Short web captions
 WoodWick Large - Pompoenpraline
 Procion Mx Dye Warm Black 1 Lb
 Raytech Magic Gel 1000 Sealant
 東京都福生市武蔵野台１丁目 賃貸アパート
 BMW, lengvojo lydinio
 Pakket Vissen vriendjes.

- Exercise aim: Take the records shown above and output them again exactly.

- Expected output:
 WoodWick Large - Pompoenpraline
 Procion Mx Dye Warm Black 1 Lb
 Raytech Magic Gel 1000 Sealant
 東京都福生市武蔵野台１丁目 賃貸アパート
 BMW, lengvojo lydinio
 Pakket Vissen vriendjes.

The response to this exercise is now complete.